There is no per-scenario file tree under tests/. The harness is exercised by exactly two test classes, both in loom-server test sources:

  • ChaosFrameworkEnhancedTest (no chaos tag) — drives the framework primitives: WGL register/counter/queue/set checks (positive, violation, and malformed-input cases), the per-model ChaosChecker checkers, every ChaosWorkload generator, ChaosHistory recording/concurrency, ChaosReport summary/latency/fault-timeline output, the ChaosNemesis fault types against a recording cluster double, and one end-to-end ChaosTestHarness run that starts a real 3-node CacheNode cluster.
  • tests/RealClusterLinearizabilityTest (@Tag("chaos")) — starts a real 3-node ChaosRealCluster and asserts register linearizability via WglLinearizabilityChecker over concurrent leader-local / per-node map operations.

ChaosNemesis is a sealed interface; all faults compose via ChaosNemesis.Combined:

  • NetworkSymmetricPartition, IsolateNode, MessageReorder.
  • ProcessKillNode, KillLeader, PauseNode.
  • Resource / timingClockSkew (simulates clock-skew effects by calling cluster.pauseNode() — no actual system clock manipulation), SlowDisk (message-send delay), MemoryPressure, CpuContention.
  • The real-cluster runs (ChaosTestHarness / ChaosRealCluster) exercise actual Raft and TCP via real CacheNode instances, which run the WAL and snapshot machinery as part of normal startup.
  • The framework-primitive tests feed hand-built histories straight into the checkers — they verify checker/history logic without touching the network stack.
  • WglLinearizabilityChecker is a Wing-Gong-Lowe linearization search supporting the register, counter, queue, and set data types only (it rejects any other type) and carries its own internal model state.
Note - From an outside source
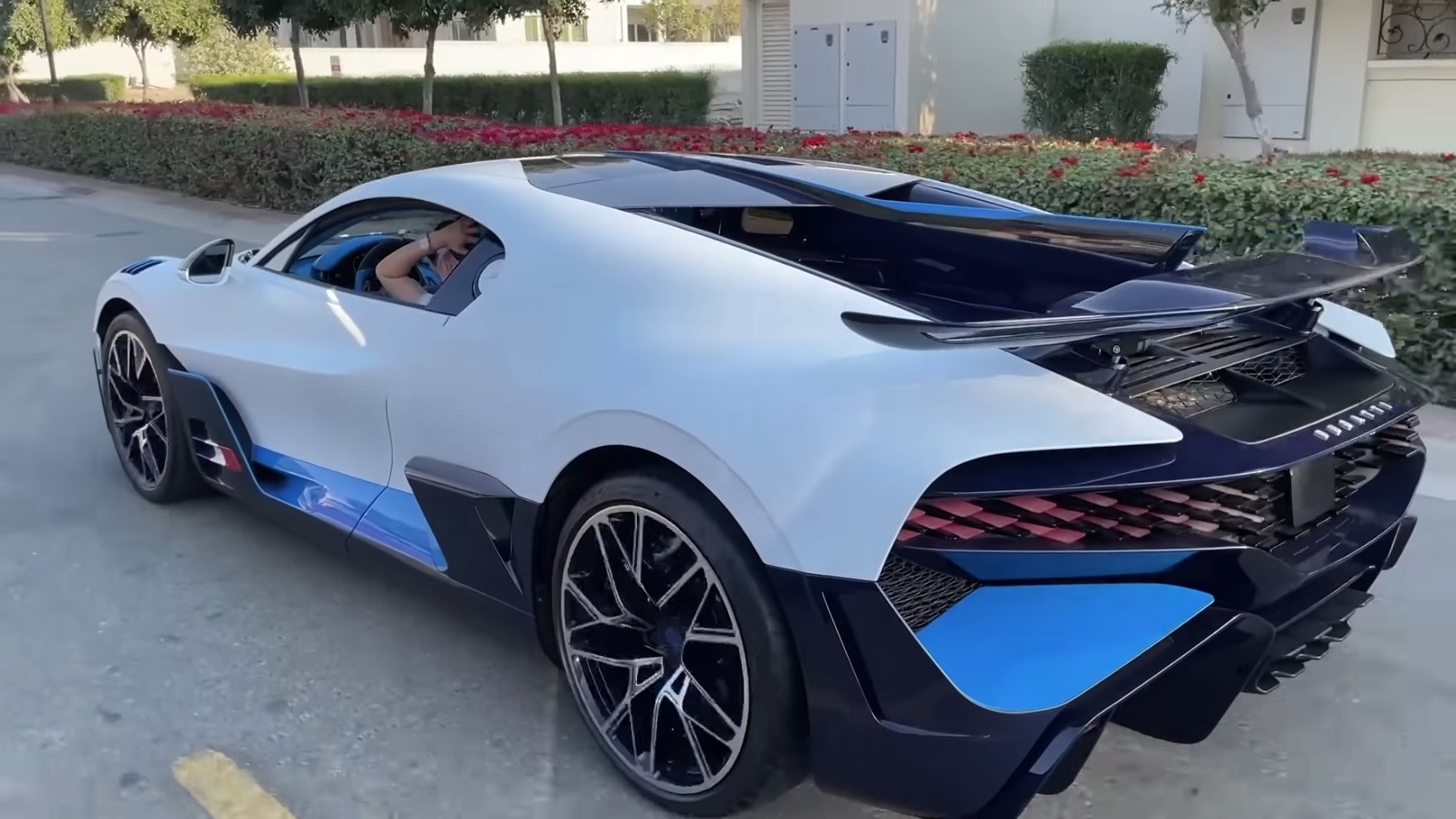 Supercar Blondie reveals secrets about the Bugatti Divo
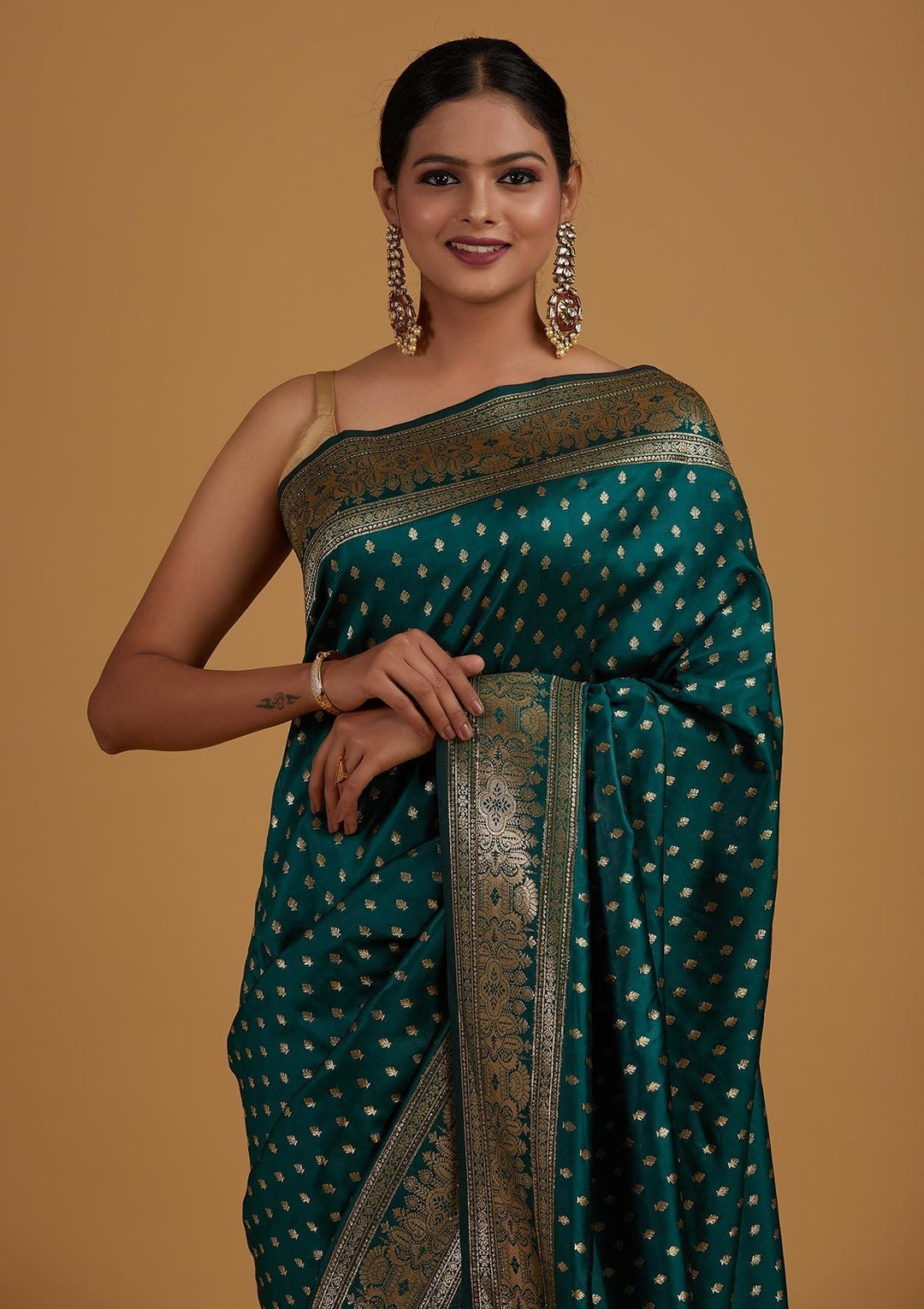 Bottle Green Zariwork Banarasi Designer Saree - Koskii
The search is bounded by MAX_SEARCH_STATES = 500_000; when that limit is reached the checker conservatively reports a violation rather than returning a heuristic pass.
  • The per-model ChaosChecker checkers cover the rest: LinearizableRegister, LinearizableCounter (CounterModel), LinearizableQueue (QueueModel), LinearizableSet (SetModel), and MutualExclusion (LockModel, fence-token + double-lock checks).
  • RealClusterLinearizabilityTest lives in loom-server test sources (not loom-integration-tests); it boots three real CacheNode instances per test, reserving fork-scoped TCP ports to stay parallel-safe under forkCount=64 / threadCount=4.
Terminal window
# Framework-primitive + one end-to-end harness run (no chaos tag, runs by default):
mvn -pl loom-server test -Dut.forkCount=64 -Dut.threadCount=4 -Dit.forkCount=64 -Dit.threadCount=4 -Dtest=ChaosFrameworkEnhancedTest
# Real 3-node cluster register-linearizability run. RealClusterLinearizabilityTest is @Tag("chaos"),
# which the default unit lane excludes (ut.excludedGroups=benchmark,chaos), so opt in with -Dgroups=chaos
# and override excludedGroups to keep only benchmark excluded:
mvn -pl loom-server test -Dut.forkCount=64 -Dut.threadCount=4 -Dit.forkCount=64 -Dit.threadCount=4 -Dgroups=chaos -Dut.excludedGroups=benchmark -Dtest=RealClusterLinearizabilityTest

The framework-primitive checks complete in seconds. The real-cluster runs (ChaosTestHarness inside ChaosFrameworkEnhancedTest, and RealClusterLinearizabilityTest) boot real CacheNode instances and elect a Raft leader, so they take longer; per-client op joins use a 30 s ceiling.

ChaosReport emits a human-readable summary plus a full history trace for failing runs. Replay the trace through WglLinearizabilityChecker to reproduce and debug locally.

For the broader correctness story (Raft invariants, durability, near-cache coherence), see the architecture overview.